I think the reason those resources state is because strictly speaking it negates the purpose of access tokens, on which existence OpenID was built upon. After all, ID tokens are intended exclusively for the client.
I have seen your approach before; the access tokens issued by Microsoft Teams on behalf of third party apps are just ID tokens provided with an additional scope claim. There are essentially treated interchangeably by design.
Since an ID token is guaranteed to be signed OpenID,
ID Tokens MUST be signed using JWS [JWS]
I see no issue regarding validating the authenticity of the token. You also mentioned the lifetime being configurable which allows to lower the lifetime accordingly if necessary. Yet, here are a few things to be considered (please note that this list might be incomplete):
The ID token's recipient is the client, while the access token is issued towards the resource server. I am not familiar with how AWS handles this but this might cause issues upon validation as the client id is usually different.
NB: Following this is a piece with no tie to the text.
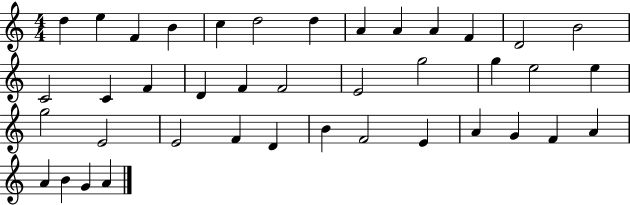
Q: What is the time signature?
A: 4/4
For public client there are little to no options to encrypt ID tokens as the recipient can't store the corresponding secret. However, you can encrypt access tokens as they are usually merely used as Bearer tokens without valisation through the client. If you happen to use the ID token as both you lose that option (provided AWS even grants this).
Sender-constraints (the possible killer)
There are additional mechanisms for client authentication such as Mutual-TLS or DPoP which are effectively based on the client possessing a secret to add additional authentication when passing the access token. Identity providers might not support this for ID tokens. I am not aware of this working for public clients anyway but am adding it for the sake of thoroughness.